Comparé aux moyens ordinaires pour développer l’alphabétisation monolingue auxquels la plupart des enseignants sont si habitués, la bilittératie peut sembler déroutante. Afin d’éviter cet écueil, les enseignants doivent comprendre, idéalement, ce qu’est la bilittératie. Il est important de ne pas la considérer comme une structure stable et rigide qui pourrait être décomposée en alphabétisation en langue A et en alphabétisation en langue B. La bilittératie devrait plutôt être considérée comme un ensemble fluide de continuums interdépendants de compétences, de connaissances et d’expériences de la langue écrite de l’enfant (Hornberger, 2004). Il existe douze continuums qui peuvent être classés dans quatre espaces interdépendants : développement de la bilittératie chez l’enfant (continuums de réception-production, oral-écrit, langues premières, secondes), contenu de la bilittératie (continuums de minorité-majorité, familier-littéraire, contenu contextualisé – décontextualisé), les médias de la bilittératie (continuums d’expositions simultanées-successives, structures dissemblables-similaires, écritures divergentes-convergentes) et le contexte de la bilittératie (continuums de contextes micro-macro, oral-alphabétisé, bi/multilingue-monolingue ; Hornberger, 2004). À un certain moment de son développement, l’enfant a des positions spécifiques sur les douze continuums. En raison de la nature interdépendante de ces continuums, lorsque le développement de la bilittératie se produit, les positions de l’enfant se déplacent vers certains points finaux dans tous les continuums, rendant la bilittératie très dynamique (Hornberger, 2004).

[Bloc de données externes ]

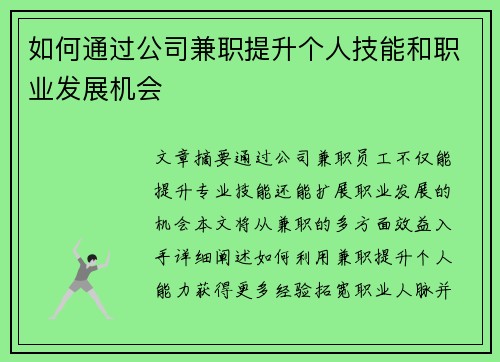 如何通过公司兼职提升个人技能和职业发展机会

Bien qu’il semble assez complexe en théorie, le modèle des continuums de la bilittératie (Hornberger, 2004) a une application pratique évidente. Idéalement, les enseignants doivent aider les enfants plurilingues à atteindre tous les points finaux du continuum. Il est également conseillé de penser en premier lieu aux points finaux les moins puissants du continuum. Par exemple, les enseignants doivent mettre l’accent sur la langue maternelle de l’enfant plutôt que sur la seconde, sur le contenu de la langue minoritaire plutôt que sur celui de la langue majoritaire, sur le « translanguaging » plutôt que sur l’approche de séparation linguistique lors de l’exposition à la langue, sur le contexte micro du foyer plutôt que sur le contexte macro de la société. L’attention portée à des points finaux moins puissants peut avoir des conséquences positives importantes pour la réussite scolaire des enfants plurilingues, car elle brise les hiérarchies linguistiques injustes.

Hornberger, N. H. (2004). The continua of biliteracy and the bilingual educator:
Educational linguistics in practice. International Journal of Bilingual Education and Bilingualism, 7(2&3), 155–171.